# Problems with the Toshiba HD-XA2KN



## Richard W. Haines (Jul 9, 2007)

As I stated in recent posts, I recently acquired the Toshiba HD-XA2 KN high definition player and the
Optoma HD70 projector. Already I'm having problems with the projector and got absolutely no service
help from Circuit City and am waiting to hear from the company itself in terms of fixing some dead pixels.

Now the Toshiba is giving me some problems. I only have two HD discs, "Mutiny on the Bounty"
and "The Wild Bunch". I watched both at 1080i and they looked very good. However, as I was
still figuring out the player I decided I wanted to change the setting to 1080p. "Mutiny" will play
at this output but not "Wild Bunch". The screen says 'no signal' which I try to play it at that setting
even though the box indicates it was mastered in that format.

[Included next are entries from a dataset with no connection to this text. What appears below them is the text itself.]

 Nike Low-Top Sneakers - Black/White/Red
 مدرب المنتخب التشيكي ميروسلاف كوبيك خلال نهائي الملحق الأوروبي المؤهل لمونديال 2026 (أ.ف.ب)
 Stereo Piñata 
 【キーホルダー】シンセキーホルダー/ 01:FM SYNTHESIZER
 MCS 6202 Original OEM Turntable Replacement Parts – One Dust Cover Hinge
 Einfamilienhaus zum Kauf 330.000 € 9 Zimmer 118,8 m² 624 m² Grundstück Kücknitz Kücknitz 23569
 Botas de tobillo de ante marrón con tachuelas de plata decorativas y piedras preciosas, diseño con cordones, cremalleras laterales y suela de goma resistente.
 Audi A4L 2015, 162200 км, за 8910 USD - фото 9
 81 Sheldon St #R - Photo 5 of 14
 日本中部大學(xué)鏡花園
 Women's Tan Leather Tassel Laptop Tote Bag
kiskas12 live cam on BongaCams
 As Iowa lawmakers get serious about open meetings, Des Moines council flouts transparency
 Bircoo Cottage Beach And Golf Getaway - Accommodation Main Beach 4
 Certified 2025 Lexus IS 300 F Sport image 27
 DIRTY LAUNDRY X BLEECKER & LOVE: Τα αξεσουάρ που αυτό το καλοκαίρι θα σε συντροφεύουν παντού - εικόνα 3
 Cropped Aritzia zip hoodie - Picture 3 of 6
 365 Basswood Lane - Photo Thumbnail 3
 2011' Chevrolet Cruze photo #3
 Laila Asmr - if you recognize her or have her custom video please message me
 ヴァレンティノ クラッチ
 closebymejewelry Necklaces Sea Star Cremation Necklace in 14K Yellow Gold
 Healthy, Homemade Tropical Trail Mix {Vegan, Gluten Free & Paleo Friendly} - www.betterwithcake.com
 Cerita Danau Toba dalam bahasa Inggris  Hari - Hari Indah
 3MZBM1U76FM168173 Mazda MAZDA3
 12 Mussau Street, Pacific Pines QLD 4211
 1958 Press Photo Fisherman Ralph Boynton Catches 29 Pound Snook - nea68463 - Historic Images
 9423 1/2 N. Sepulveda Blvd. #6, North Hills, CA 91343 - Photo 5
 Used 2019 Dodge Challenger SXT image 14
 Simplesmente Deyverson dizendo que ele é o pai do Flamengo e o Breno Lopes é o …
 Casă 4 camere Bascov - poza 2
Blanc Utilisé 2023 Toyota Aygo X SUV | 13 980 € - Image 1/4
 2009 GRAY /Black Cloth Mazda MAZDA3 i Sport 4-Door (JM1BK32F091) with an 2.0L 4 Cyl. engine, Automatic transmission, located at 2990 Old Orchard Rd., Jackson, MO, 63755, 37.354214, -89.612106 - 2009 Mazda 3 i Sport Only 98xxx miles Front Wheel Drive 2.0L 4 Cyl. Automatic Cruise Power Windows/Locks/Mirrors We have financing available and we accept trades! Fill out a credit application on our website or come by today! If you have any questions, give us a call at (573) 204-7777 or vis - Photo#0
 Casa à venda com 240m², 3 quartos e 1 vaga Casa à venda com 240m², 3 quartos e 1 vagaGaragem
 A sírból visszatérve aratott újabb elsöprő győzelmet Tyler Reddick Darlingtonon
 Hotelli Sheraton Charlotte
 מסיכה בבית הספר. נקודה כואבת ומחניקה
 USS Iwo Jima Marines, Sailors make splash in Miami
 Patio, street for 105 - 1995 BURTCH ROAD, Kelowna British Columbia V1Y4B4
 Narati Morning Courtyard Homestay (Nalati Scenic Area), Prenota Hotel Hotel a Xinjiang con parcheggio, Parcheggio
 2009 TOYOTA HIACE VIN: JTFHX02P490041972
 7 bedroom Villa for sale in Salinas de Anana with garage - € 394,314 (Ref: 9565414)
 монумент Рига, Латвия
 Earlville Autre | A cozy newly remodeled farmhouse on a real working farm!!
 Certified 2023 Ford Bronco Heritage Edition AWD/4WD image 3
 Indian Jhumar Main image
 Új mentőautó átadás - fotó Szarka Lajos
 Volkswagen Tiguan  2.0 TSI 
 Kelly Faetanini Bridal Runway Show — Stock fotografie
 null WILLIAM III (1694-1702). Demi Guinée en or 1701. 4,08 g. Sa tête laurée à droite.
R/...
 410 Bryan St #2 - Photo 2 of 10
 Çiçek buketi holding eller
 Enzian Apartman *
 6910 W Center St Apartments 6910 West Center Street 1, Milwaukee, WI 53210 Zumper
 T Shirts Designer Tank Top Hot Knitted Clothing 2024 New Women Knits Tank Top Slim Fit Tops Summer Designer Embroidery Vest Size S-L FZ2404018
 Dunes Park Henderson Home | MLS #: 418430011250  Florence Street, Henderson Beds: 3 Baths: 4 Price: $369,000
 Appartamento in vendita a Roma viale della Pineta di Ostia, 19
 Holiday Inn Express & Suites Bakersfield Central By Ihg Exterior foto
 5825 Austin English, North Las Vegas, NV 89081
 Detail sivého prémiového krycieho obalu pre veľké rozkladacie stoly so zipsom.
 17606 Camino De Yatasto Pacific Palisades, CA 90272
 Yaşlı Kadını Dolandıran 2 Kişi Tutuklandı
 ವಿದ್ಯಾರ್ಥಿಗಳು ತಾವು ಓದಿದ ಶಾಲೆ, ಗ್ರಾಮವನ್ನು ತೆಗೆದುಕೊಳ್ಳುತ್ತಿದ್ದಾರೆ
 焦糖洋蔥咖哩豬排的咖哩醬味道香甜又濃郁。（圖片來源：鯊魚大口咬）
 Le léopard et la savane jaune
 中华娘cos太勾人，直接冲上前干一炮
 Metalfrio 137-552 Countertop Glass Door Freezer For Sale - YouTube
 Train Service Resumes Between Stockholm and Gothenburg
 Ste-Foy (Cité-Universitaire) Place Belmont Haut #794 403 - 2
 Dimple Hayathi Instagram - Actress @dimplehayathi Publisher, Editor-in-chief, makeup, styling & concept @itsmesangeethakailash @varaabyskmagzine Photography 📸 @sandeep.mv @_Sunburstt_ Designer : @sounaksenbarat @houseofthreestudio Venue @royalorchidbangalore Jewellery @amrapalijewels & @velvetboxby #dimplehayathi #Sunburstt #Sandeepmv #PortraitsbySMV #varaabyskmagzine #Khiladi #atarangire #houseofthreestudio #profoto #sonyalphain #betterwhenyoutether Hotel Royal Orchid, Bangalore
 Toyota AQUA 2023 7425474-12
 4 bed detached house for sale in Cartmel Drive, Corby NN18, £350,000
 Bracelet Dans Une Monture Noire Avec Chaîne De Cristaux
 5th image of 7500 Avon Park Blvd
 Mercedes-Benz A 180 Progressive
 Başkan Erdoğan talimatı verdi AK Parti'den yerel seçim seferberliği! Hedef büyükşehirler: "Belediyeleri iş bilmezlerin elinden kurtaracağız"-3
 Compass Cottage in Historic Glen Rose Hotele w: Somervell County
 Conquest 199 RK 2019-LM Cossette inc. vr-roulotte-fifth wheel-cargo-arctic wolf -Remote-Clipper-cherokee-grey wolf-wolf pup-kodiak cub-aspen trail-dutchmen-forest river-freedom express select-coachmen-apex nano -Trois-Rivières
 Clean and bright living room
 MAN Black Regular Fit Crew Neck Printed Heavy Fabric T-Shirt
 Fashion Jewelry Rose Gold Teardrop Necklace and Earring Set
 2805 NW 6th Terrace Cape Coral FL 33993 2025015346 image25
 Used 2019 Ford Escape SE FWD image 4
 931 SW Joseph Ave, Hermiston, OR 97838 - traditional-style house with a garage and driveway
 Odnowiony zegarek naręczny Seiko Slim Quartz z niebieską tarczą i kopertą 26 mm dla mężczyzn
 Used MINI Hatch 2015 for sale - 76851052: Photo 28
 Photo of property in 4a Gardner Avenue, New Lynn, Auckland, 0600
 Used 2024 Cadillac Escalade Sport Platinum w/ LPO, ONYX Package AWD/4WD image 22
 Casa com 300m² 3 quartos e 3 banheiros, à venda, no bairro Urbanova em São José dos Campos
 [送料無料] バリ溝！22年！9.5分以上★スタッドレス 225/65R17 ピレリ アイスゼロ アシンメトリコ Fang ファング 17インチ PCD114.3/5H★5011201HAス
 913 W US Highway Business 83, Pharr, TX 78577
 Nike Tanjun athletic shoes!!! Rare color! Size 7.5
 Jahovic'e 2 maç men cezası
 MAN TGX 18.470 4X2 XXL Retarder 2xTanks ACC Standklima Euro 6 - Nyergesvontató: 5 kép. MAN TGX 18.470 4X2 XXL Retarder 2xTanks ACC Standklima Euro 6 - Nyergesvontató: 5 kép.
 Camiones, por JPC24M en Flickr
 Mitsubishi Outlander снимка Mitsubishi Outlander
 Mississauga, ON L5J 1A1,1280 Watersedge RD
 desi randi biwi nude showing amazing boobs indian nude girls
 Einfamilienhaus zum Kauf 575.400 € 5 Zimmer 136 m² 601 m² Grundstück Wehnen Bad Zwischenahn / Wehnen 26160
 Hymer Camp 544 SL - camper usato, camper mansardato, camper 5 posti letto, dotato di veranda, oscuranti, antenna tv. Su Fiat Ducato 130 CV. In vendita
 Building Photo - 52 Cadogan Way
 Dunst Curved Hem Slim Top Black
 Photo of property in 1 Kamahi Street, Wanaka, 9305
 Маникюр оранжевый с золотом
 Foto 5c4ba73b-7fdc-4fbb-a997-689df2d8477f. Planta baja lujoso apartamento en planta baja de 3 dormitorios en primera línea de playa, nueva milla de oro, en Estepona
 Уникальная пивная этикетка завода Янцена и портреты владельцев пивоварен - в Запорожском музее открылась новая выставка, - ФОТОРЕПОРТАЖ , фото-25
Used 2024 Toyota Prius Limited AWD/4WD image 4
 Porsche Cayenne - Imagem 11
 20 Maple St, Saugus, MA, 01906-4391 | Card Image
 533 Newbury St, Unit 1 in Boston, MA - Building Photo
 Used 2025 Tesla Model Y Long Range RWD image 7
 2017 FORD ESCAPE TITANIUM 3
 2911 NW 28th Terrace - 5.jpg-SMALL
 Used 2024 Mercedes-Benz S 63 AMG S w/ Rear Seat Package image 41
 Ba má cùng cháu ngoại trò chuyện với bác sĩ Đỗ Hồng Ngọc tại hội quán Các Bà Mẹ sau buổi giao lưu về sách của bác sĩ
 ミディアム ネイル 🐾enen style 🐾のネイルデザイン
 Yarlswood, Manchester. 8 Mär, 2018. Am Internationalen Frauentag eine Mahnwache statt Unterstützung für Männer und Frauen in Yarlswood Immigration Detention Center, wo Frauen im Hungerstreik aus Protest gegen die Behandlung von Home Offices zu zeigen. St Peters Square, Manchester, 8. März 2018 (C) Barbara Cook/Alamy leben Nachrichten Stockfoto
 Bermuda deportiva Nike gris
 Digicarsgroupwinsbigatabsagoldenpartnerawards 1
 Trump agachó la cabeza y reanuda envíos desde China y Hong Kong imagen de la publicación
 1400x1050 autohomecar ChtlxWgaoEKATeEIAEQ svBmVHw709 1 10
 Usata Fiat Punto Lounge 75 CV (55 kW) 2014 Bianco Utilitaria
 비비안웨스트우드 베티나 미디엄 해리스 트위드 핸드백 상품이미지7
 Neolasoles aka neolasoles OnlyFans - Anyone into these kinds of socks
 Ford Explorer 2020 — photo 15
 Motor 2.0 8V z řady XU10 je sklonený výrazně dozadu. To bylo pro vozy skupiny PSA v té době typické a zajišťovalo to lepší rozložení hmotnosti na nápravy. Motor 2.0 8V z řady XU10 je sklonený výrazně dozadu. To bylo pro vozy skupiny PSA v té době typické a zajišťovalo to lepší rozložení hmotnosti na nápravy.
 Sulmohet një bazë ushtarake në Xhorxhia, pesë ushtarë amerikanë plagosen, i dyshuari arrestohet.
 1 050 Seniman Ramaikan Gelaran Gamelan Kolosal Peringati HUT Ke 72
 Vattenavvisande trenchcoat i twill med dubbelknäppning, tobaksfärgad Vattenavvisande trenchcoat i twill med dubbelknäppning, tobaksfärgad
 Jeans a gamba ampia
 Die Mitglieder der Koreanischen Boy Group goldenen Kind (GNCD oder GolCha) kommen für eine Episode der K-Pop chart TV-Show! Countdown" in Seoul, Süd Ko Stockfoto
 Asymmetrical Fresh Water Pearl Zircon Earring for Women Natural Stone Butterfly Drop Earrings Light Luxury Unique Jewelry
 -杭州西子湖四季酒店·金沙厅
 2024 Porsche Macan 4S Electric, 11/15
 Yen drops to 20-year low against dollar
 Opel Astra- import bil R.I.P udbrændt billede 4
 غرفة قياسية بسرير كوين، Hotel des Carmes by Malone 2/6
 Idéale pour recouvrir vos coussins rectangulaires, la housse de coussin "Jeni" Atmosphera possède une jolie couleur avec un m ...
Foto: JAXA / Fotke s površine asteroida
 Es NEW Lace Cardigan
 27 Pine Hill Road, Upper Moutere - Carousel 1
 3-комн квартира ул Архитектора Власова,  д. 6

It will only play at 1080i or I get
the 'no signal' message on screen.

The other problem seems to be playing some upscaled standard DVDs. I watched "Support Your
Local Sheriff" and the film went in and out of synch throughout the screening. I double checked
the disc in my Samsung and it plays fine. Now I don't have digital optical sound but rather two
amplifiers to playback through the 5.1 analog sound. (The extra amp is for the center channel
which I like to keep separate from the others). No synch problem with the HD discs but some
with standard upscaled. I suppose I could just use the Samsung HD841 for standard discs which
upscales them fine too but this player cost a lot of money and I'd like it to work with the Toshiba.
I noticed some others complained about analog synch sound problems in reviews. I don't have
Broadband Internet to upload modifications and am waiting for the CD-ROMS which will do the
same but at least one consumer said it didn't help. Anyone have similar problems and know the
remedy other than switching to optical sound and purchasing new amplifiers?


----------



## bobgpsr (Apr 20, 2006)

Since that is a 1280x720 native projector, you get no benefit (in fact worse) from 1080p. 1080i or 720p are your best bets. Also, in the interest of debugging that it is a HDMI handshake problem, you could try using the component video connection.

HDMI handshake issues are supposed to be better with the latest 2.5 firmware for the XA2. Even newer XA2 firmware is due out in a couple of weeks. Would it be possible for you to find a PC connected to broadband to download a ISO binary CD-R image with new Toshiba firmware?


----------



## Richard W. Haines (Jul 9, 2007)

Thanks for the info. I ordered the disc and will install when they send it. Most likely I'll just use
the Toshiba for HD DVD movies and the Samsung HD841 for upscaled Standard DVD presentations.
That means switching cables but it will be quite a while before I have an extensive HD DVD library
whereas I have over two hundred standard DVDs. I'll gradually upgrade movies as they become available...if they become available and providing the upgraded transfer is actually better. For example,
whereas "Mutiny on the Bounty" is clearly superior in HD, I've read some pretty bad reviews for the
HD of "Christmas Vacation".

Let's hope cinematographers shart shooting with a lot of light and generate fully exposed negatives
as they did prior to the sixties since that seventies 'look' for features (little lighting, high speed stock,
low f.stops as in films like "Farewell my Lovely" and "The Godfather") does not transfer easily to HD.


----------